Por Paula Winkler
Todos y todas tenemos una voz interior que nos habla o calla según las circunstancias del afuera y nuestras conveniencias. Y todos y todas no podemos huir de aquello que desconocemos y no controlamos, aun siendo racionales en extremo. Suele ocurrir en el amor, en la amistad. De súbito, un comentario desleal que se escapa de una boca amiga, una actitud desagradable e inesperada de nuestra pareja. Muchos designarían estos ejemplos como “envidia reprimida”, “hartazgo a futuro”, etcétera. Lo propio ocurre cuando en medio de un discurso público, de una entrevista se desliza un error o una expresión sigue un rumbo imprevisto. Se trata de “fallos” que exceden la consciencia. A mí misma me sucedió cuando refiriéndome en una entrevista a las Ciencias de la Comunicación, me aparecieron las de Educación. En este caso, se evidenciaba la anticipación de mi razonamiento posterior: que deberíamos poder recuperar nuestros significantes y develar los signos de la propaganda política, la publicidad, el márquetin personal, etcétera, para descubrir los nuestros. En general, cuando suceden estos hechos del habla (o mejor dicho, de “lalengua”, así escrito, no hay fe de erratas), sucesos que extranjerizan, es porque se exhibe sin intención buscada hacia los demás un encadenamiento de sentido, más allá de lo tangible, incluso para sorpresa del hablante. Periodísticamente, si el “fallo” acaeció frente al público de inmediato los comentarios en la tele se traducirán en una búsqueda de verdad, en algo oculto que empujó al lenguaje hablado y sale hacia el afuera sin control.
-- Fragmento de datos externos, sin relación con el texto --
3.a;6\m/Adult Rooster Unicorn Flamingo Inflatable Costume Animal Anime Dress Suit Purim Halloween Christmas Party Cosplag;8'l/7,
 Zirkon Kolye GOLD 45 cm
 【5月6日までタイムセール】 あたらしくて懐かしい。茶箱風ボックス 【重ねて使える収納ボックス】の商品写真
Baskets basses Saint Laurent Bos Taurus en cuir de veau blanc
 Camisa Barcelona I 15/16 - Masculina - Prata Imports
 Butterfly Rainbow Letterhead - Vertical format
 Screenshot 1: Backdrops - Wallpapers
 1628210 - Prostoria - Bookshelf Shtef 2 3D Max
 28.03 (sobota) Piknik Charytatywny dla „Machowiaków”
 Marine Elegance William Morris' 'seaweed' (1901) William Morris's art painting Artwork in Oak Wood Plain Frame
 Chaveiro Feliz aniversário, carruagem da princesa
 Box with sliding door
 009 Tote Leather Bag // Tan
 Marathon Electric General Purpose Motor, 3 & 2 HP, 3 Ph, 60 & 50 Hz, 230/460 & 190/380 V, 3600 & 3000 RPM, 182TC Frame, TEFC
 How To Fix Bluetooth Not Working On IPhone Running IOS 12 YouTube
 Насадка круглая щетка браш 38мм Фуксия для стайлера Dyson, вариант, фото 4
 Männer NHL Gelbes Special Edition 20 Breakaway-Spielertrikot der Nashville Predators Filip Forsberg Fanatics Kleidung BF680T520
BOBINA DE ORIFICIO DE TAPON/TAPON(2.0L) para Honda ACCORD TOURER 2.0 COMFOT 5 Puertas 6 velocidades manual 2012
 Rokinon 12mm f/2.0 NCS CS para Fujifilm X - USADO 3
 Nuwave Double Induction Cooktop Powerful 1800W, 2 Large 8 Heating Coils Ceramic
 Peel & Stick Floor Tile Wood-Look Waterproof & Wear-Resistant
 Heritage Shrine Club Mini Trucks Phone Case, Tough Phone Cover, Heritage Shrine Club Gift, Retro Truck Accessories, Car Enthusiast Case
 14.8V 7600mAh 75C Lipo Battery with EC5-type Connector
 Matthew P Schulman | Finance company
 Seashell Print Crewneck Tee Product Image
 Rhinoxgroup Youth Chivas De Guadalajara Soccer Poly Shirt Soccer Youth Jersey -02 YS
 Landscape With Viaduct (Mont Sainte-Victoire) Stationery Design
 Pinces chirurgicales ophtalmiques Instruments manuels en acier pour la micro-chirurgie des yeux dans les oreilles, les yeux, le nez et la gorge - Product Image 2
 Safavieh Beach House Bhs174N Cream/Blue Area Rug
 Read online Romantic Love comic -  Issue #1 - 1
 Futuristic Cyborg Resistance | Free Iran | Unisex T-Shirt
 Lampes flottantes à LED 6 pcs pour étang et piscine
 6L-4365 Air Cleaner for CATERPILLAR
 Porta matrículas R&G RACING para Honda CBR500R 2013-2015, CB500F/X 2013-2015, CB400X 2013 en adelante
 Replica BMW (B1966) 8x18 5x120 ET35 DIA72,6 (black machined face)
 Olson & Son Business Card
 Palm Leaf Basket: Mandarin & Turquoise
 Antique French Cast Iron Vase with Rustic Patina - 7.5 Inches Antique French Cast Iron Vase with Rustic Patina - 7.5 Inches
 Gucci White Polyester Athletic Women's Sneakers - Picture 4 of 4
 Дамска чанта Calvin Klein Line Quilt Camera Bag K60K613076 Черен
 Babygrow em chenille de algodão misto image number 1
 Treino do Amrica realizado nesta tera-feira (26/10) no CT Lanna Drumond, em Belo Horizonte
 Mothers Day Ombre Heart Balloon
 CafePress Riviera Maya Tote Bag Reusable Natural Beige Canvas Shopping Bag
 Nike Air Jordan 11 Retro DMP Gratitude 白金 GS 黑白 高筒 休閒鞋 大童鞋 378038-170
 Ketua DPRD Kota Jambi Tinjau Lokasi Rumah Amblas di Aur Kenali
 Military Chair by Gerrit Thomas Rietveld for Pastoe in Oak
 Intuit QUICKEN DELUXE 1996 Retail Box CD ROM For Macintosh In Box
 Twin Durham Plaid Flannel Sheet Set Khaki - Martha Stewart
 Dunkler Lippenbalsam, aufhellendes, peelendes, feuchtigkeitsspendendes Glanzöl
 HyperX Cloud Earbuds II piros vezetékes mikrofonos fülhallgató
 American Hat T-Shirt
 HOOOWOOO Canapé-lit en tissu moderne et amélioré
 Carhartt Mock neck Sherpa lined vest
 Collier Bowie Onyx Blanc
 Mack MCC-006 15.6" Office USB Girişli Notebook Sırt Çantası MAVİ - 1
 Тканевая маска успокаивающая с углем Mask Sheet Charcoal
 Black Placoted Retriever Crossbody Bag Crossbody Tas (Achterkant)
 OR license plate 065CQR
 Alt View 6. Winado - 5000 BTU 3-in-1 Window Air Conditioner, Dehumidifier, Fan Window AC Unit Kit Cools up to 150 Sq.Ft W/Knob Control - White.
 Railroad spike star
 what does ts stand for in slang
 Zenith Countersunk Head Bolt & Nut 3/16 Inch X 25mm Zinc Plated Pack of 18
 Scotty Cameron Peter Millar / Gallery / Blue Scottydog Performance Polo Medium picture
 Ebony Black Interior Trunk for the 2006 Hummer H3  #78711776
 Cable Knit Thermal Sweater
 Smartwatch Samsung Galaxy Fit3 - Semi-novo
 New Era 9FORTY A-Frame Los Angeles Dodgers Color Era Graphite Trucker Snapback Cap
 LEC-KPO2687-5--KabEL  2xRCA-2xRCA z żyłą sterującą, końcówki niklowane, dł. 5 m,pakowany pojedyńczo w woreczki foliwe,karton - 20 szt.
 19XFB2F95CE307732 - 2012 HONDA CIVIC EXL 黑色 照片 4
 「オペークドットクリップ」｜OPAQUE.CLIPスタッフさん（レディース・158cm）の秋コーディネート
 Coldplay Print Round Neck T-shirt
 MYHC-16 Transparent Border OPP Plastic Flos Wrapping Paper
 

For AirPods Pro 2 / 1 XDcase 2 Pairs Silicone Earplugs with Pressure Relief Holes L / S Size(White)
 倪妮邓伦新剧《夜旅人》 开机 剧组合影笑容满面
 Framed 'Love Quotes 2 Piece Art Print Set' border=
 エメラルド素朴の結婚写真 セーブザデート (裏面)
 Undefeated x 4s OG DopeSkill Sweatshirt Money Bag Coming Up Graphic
Pueden aparecer en la escritura, aunque se producen en general en la oralidad, cuya lengua es más denotativa y menos razonada que en el lenguaje escrito.
Averiguar verdad, que no es lo mismo que averiguar acerca de una verdad (legal, objetiva, histórica, científica y tal), puede constituir un camino largo pero preciso hacia una misma, pues no somos únicamente razón. Y el autoconocimiento sostenido solo en cognición (y experiencia) puede ser útil en lo inmediato. Sin embargo, somos algo más profundo que la superficie del cuerpo y de las ideas, poseemos pliegues impensados y quien está dispuesto a bordearlos, a las largas llegará a buen puerto: paz subjetiva, cercana a la tan ansiada felicidad. Todos somos capaces de responder enseguida qué hacemos, de dónde venimos, qué proyectos tenemos, de quiénes o de qué nos frustramos. La pregunta del millón en sentido de quién se es, auténticamente, más allá de los mandatos privados y sociales ajenos, dificulta mucho más la respuesta si consideramos que la vida se trata apenas de un pasaje a la acción, aun cuando tal acción provenga de un cúmulo de conocimientos paralelos y de percepciones propias.
Lo importante, a mi juicio, estriba en surfear nuestras vidas con ética y actitud, claro, pero sobre todo oyendo nuestras voces, que no se limitan a la interior que nos critica, nos perdona o nos orienta en los senderos complejos de la existencia sino que también murmullan, en los sueños y en la vigilia, a través de una cadena propia de significantes que se va haciendo desde que nacemos y pulsamos vida. No hay que temer al pasado, a las lecturas retroactivas. No hay mejor presente que el que mira hacia sus raíces para ir identificando un futuro que todavía no está y se edifica. Bucear en el mar, volar hacia diferentes destinos, caminar lentamente, leer y construir resultan al fin tan relevantes como preguntarnos de vez en cuando “quién soy yo, realmente”. Les dejo la inquietud.